| ACTION ITEM |
In the records below, find the line with "УСТРОЙСТВО СОВЕТСКИХ ОКОПОВ (Анимация)" and repeat exactly every line from it through the line with "Metsät Metsäneuvosto Metsiensuojelun". Pictures stay out.

| EXCERPTED RECORDS |
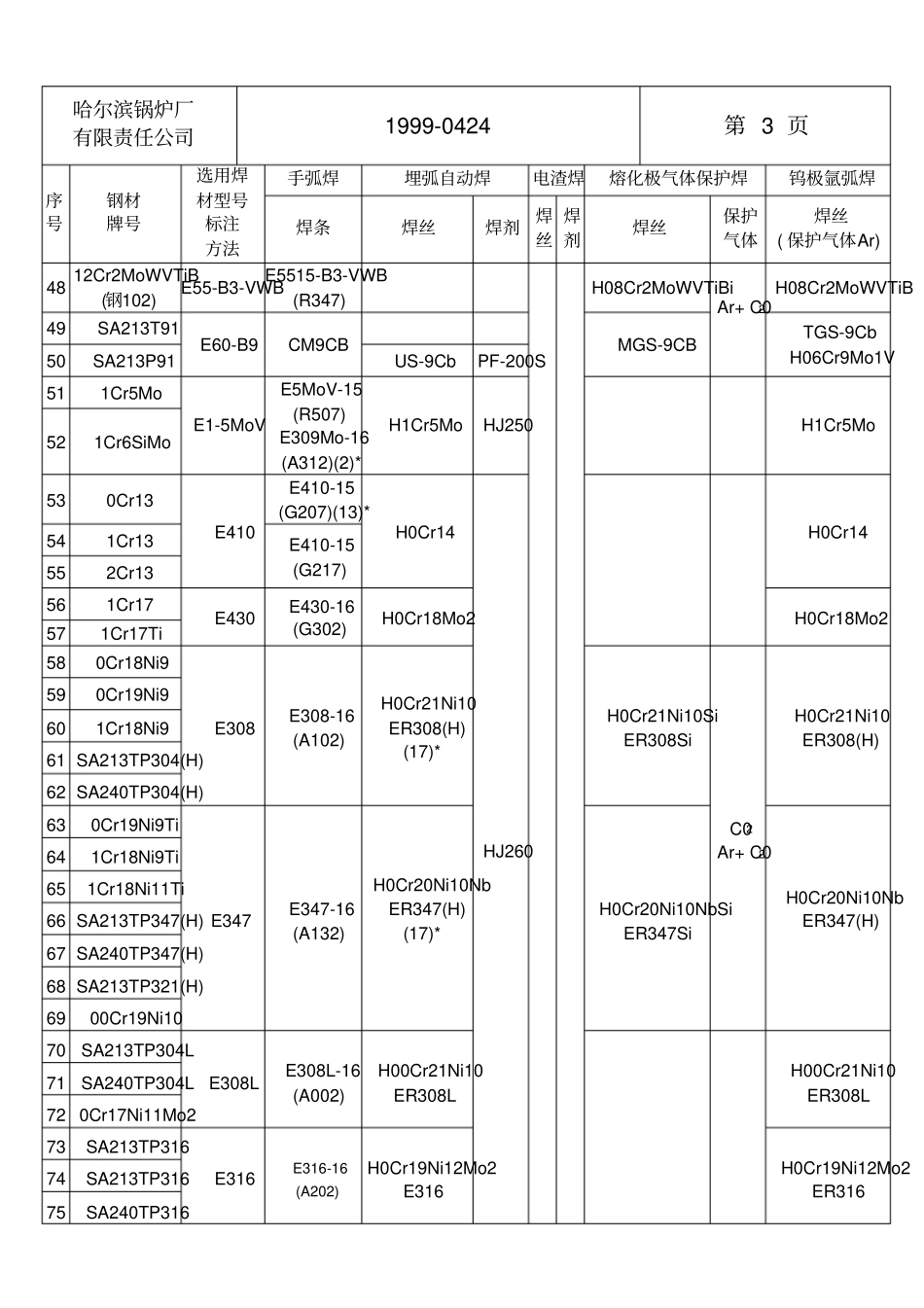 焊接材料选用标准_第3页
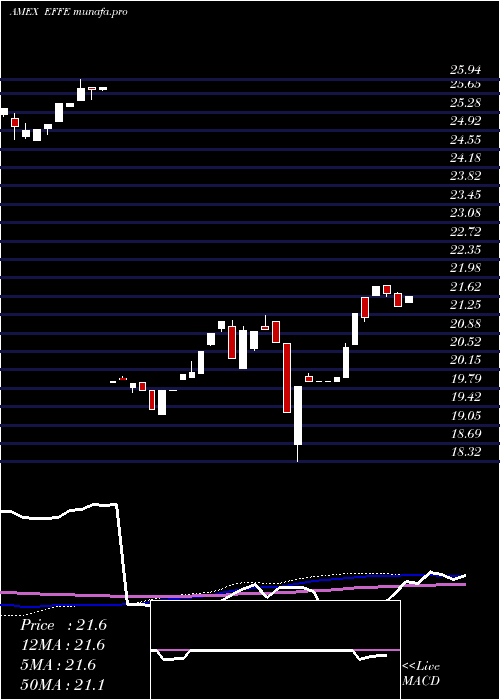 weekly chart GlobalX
* * *
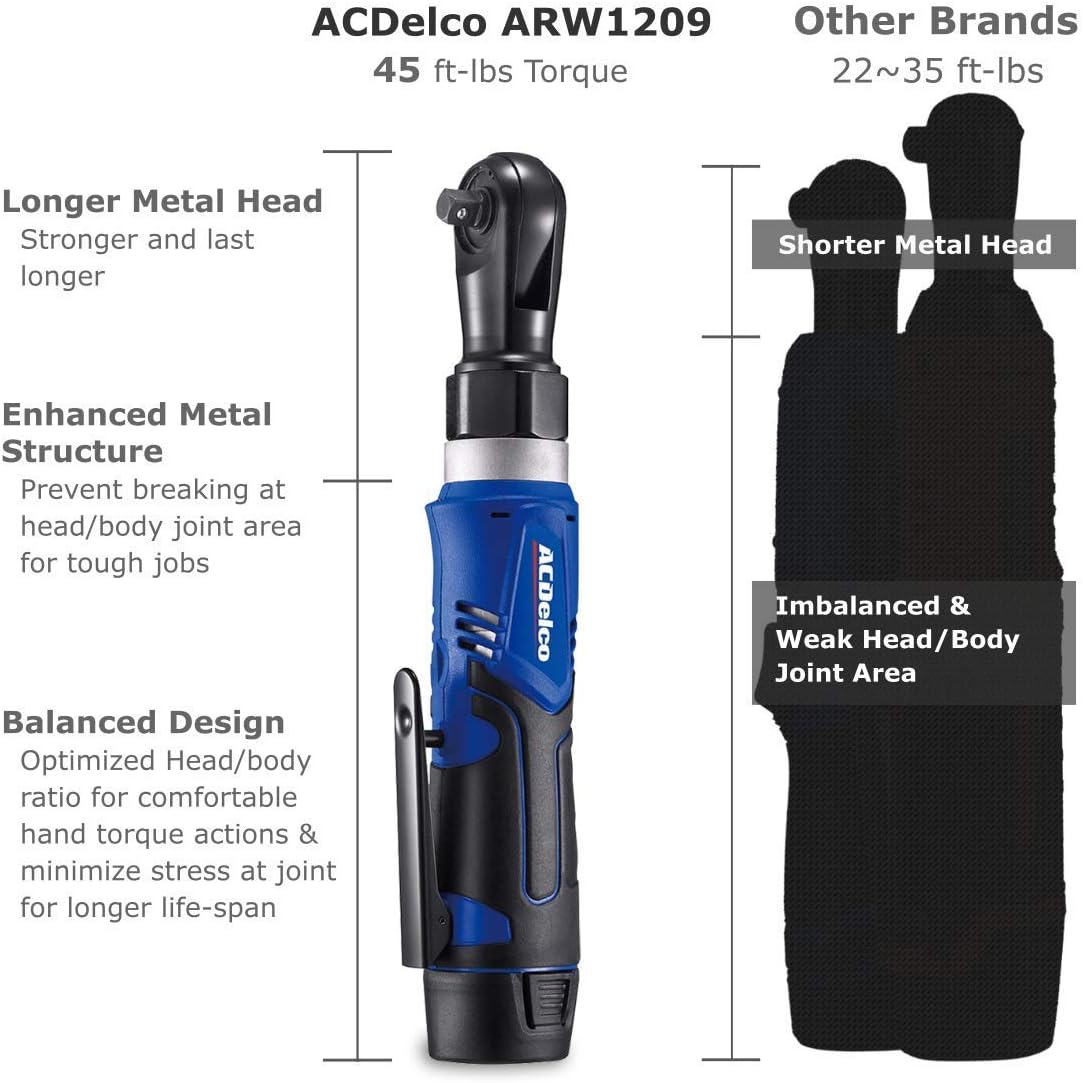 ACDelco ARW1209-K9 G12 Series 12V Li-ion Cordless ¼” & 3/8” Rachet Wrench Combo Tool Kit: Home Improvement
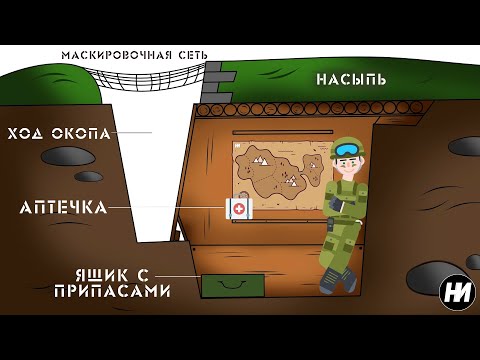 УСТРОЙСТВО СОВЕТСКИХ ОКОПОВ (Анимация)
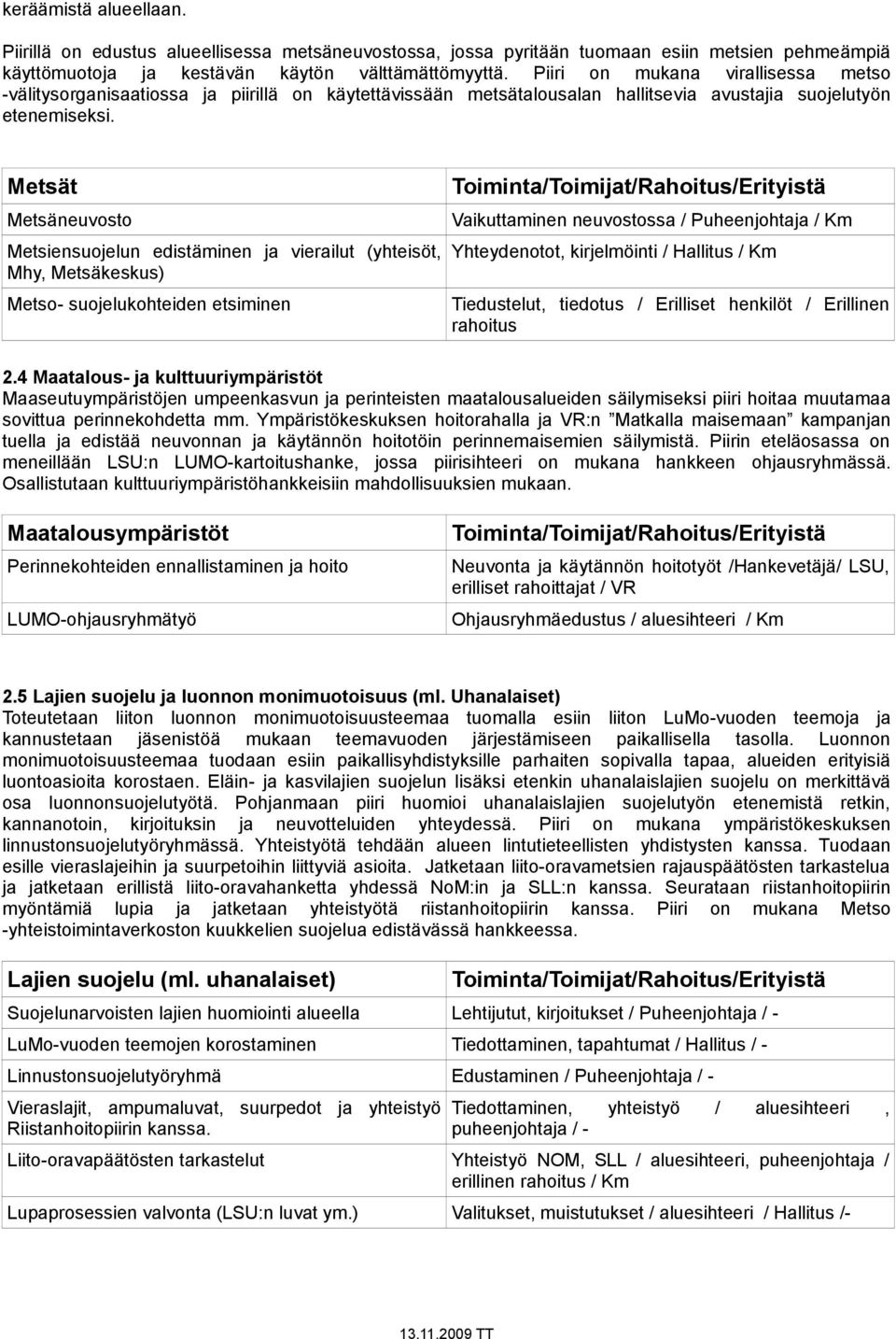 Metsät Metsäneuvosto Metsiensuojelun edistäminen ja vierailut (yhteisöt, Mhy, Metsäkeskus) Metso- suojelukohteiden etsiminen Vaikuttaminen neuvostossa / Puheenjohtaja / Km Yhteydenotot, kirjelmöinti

| REPLY TO THE EXERCISE |
 УСТРОЙСТВО СОВЕТСКИХ ОКОПОВ (Анимация)
 Metsät Metsäneuvosto Metsiensuojelun edistäminen ja vierailut (yhteisöt, Mhy, Metsäkeskus) Metso- suojelukohteiden etsiminen Vaikuttaminen neuvostossa / Puheenjohtaja / Km Yhteydenotot, kirjelmöinti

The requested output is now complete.